"A delightfully fuzzy-headed raconteur."
Communication Art Magazine
Robert Meganck is Professor of illustration, graphic design and digital imaging, Chair of the Department of Communication Arts at Virginia Commonwealth University, and a freelance illustrator. He received a Bachelor of Fine Arts degree from the Center for Creative Studies in Detroit, Michigan and a Master of Fine Arts degree from Cranbrook Academy of Art in Bloomfield Hills, Michigan. He is currently in his 34th year at VCU.
Robert has received over 300 regional, national and international awards for his research and professional practice in illustration and graphic design, and been recognized for excellence by such organizations as The Society of Illustrators New York, The Society of Illustrators Los Angeles, American Illustration and The Illustrators Club of Washington DC, Maryland and Virginia. His work has been included in a variety of national reviews including Communication Arts Magazine’s Illustration and Design Annuals, American Illustration Annuals, Print Magazine’s Regional Design Annuals, The Society of Illustrators Annuals, and 3x3 The Magazine of Contemporary Illustration.
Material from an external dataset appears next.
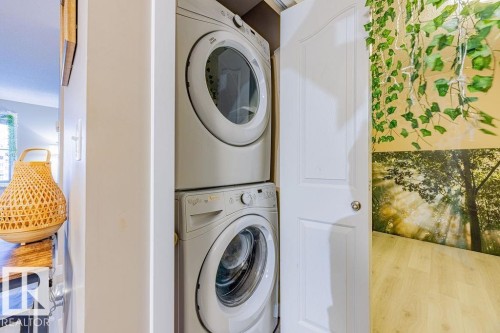 310 12025 22 Avenue, Edmonton, AB - Indoor Photo Showing Laundry Room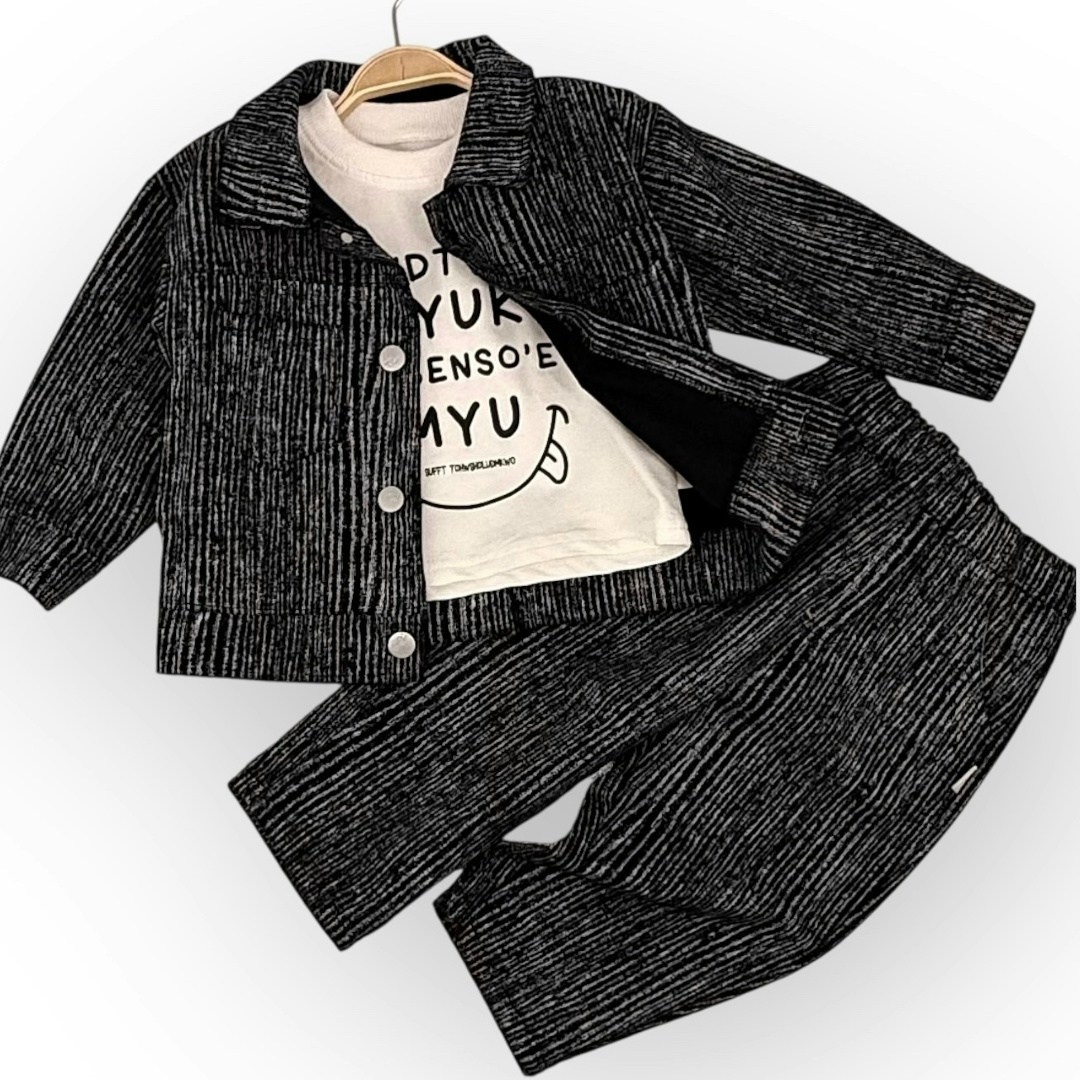 черные брюки choupette для мальчика,жакет для мальчика,брюки детские choupette 1031.43 черный,костюм тройка для мальчика,брюки детские choupette 1031.43 цв.черный р.104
His Clients include: The Washington Post, The Progressive, U.S. News and World Report, The New Republic, The Boston Globe, The Washington City Paper, Governing Magazine, Newsweek International, Prentice Hall, and The Harvard Business Review. His digital work has been the subject of feature articles in Design, the Society of News Design’s Quarterly Journal, e-Design magazine, and Computer Art magazine.
Style Weekly (September 5, 2007) named Robert Meganck one of Richmond’s top 25 most influential artists.
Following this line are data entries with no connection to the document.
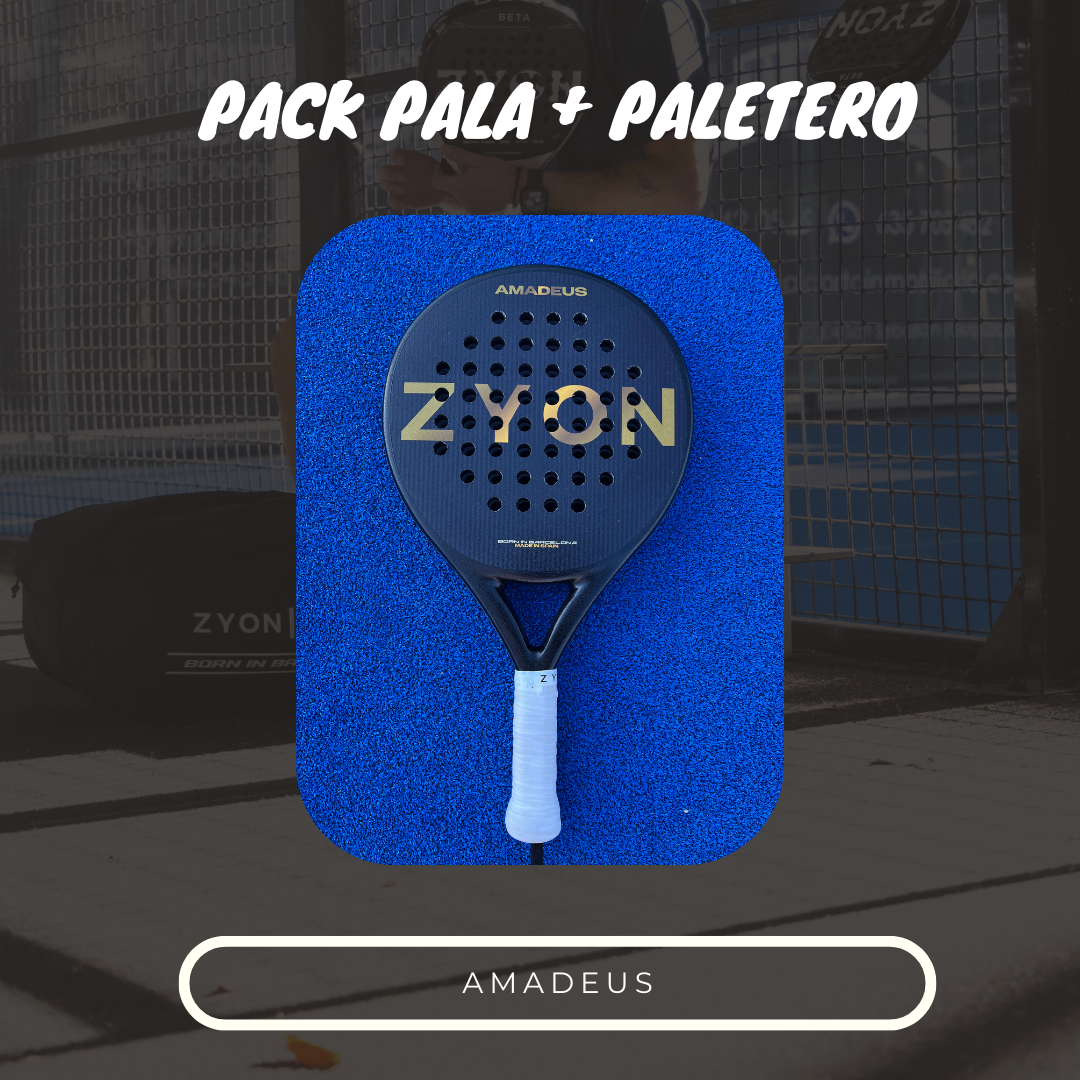 Pack - Amadeus + Paletero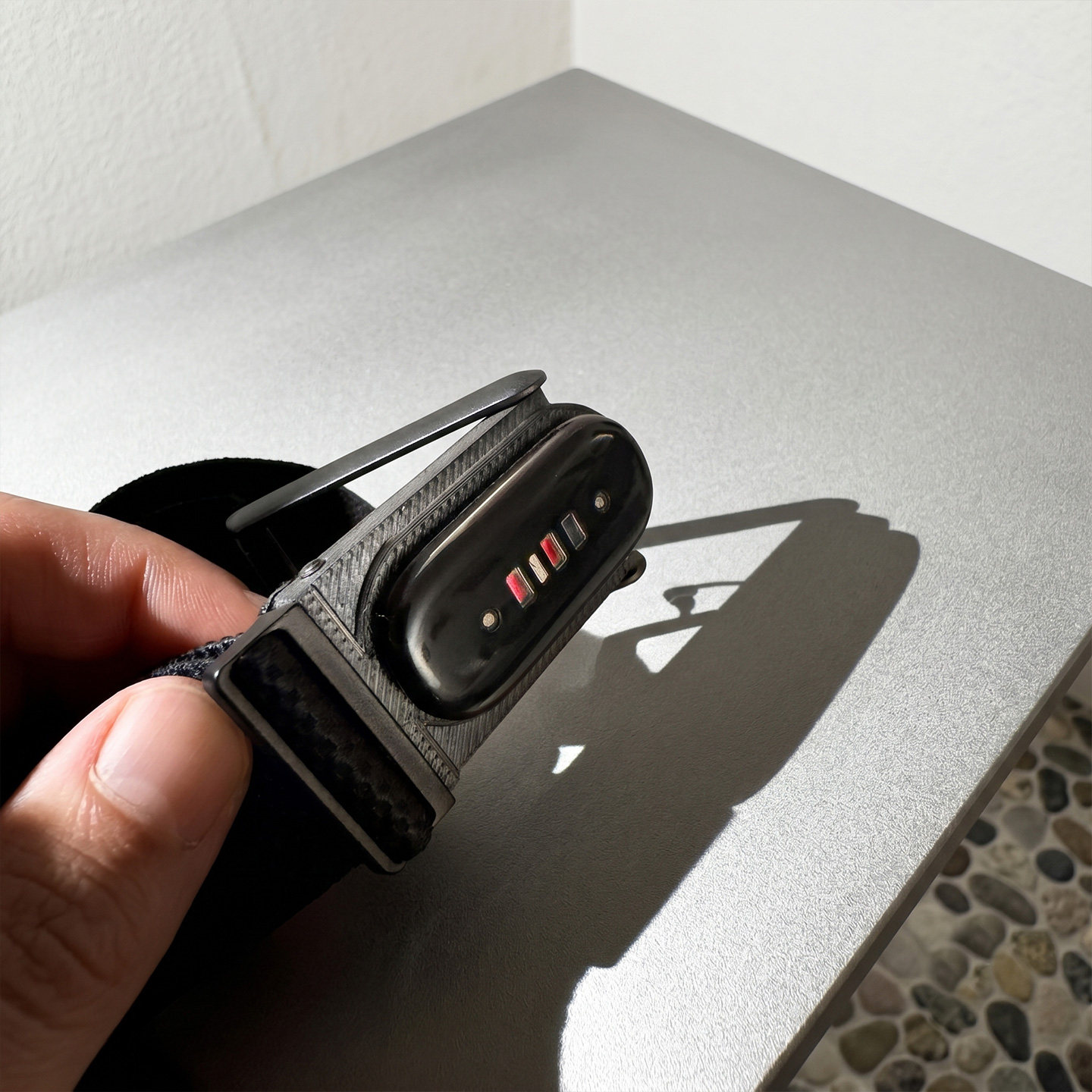 バンドアダプターブラケットフレーム Fitbit Air 用 - Jewelry Stores Watches のレビューと価格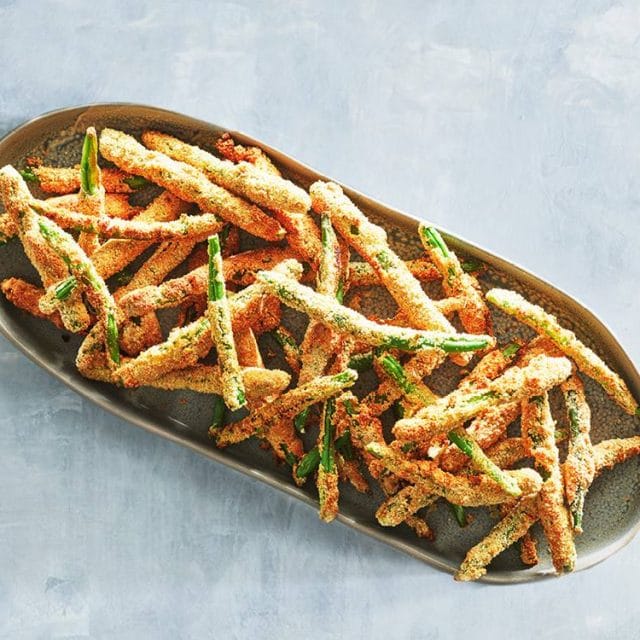 Air Fryer Green Bean Fries Recipe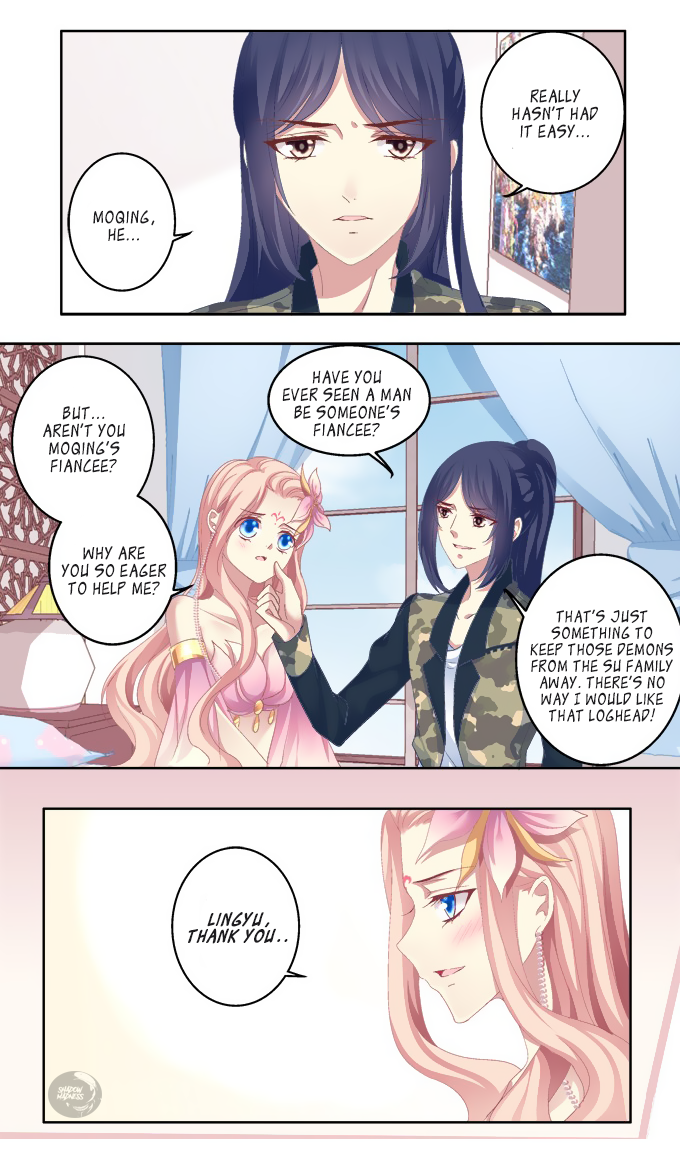 The Temptation of a Cat Demon Chapter 15 page 4 - Chapter 15: Drunkard acting like a rogue!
Illustration is simply drawing with a point.
Drawing is linear mark making. Drawing is a way of understanding the world. It is a way to record our ideas. Drawing differs from illustration and painting in that it is personal. Where it is hoped that an illustration or painting is published or exhibited, drawing (for the most part) is preliminary and internal. I illustrate to communicate an idea to an audience, but I draw for me. I may draw the figure, a building or a still life as an observational exercise. It differs from photography because I can take a picture and still remain relatively objective, I can take a photograph of a scene without really seeing it, but drawing is completely subjective. Every stroke is a conscious decision. Illustration is simply drawing with a point – a point of view. You can doodle abstract lines on paper and identify it as a drawing, but if those same lines are drawn as a map for the purpose of giving someone directions, it is an illustration.